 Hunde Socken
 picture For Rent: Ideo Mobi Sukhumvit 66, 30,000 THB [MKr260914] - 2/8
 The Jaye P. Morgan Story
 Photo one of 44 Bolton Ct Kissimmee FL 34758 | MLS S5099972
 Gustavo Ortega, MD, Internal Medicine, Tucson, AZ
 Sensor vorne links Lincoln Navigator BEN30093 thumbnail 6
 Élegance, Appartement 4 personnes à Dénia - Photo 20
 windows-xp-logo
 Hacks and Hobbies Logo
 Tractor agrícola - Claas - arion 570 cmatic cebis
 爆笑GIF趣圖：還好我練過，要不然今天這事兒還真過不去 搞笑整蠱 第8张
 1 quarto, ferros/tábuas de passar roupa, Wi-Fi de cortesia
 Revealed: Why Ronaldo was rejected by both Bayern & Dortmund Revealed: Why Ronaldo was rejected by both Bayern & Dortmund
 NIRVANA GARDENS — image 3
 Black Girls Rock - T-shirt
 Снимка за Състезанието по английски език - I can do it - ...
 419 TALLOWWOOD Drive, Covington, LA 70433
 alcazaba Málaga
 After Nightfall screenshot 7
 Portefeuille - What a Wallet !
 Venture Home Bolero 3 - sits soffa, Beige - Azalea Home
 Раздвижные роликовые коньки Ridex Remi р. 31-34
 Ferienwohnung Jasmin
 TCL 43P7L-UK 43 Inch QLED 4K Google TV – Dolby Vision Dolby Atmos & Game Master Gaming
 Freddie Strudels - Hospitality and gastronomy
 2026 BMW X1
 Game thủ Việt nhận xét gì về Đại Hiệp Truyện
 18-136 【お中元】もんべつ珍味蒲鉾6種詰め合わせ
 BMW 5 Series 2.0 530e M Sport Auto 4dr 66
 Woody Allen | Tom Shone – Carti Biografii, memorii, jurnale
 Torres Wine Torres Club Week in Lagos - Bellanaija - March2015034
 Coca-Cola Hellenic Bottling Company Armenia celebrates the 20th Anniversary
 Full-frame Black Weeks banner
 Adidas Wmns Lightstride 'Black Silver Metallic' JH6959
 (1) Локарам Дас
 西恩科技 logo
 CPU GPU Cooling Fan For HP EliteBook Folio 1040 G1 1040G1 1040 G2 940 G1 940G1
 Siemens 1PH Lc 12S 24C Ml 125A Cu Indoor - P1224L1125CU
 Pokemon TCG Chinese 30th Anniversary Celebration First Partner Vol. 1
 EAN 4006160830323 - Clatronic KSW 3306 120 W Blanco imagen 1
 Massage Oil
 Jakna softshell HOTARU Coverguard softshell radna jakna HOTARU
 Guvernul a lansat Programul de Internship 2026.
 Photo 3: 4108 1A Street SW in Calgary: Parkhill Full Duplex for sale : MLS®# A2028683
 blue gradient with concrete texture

WORK TO COMPLETE: Output exactly one stretch of the listing: from the line containing "419 TALLOWWOOD Drive, Covington, LA 70433" through the line containing "Coca-Cola Hellenic Bottling", both end lines included.

ANSWER SECTION:
 419 TALLOWWOOD Drive, Covington, LA 70433
 alcazaba Málaga
 After Nightfall screenshot 7
 Portefeuille - What a Wallet !
 Venture Home Bolero 3 - sits soffa, Beige - Azalea Home
 Раздвижные роликовые коньки Ridex Remi р. 31-34
 Ferienwohnung Jasmin
 TCL 43P7L-UK 43 Inch QLED 4K Google TV – Dolby Vision Dolby Atmos & Game Master Gaming
 Freddie Strudels - Hospitality and gastronomy
 2026 BMW X1
 Game thủ Việt nhận xét gì về Đại Hiệp Truyện
 18-136 【お中元】もんべつ珍味蒲鉾6種詰め合わせ
 BMW 5 Series 2.0 530e M Sport Auto 4dr 66
 Woody Allen | Tom Shone – Carti Biografii, memorii, jurnale
 Torres Wine Torres Club Week in Lagos - Bellanaija - March2015034
 Coca-Cola Hellenic Bottling Company Armenia celebrates the 20th Anniversary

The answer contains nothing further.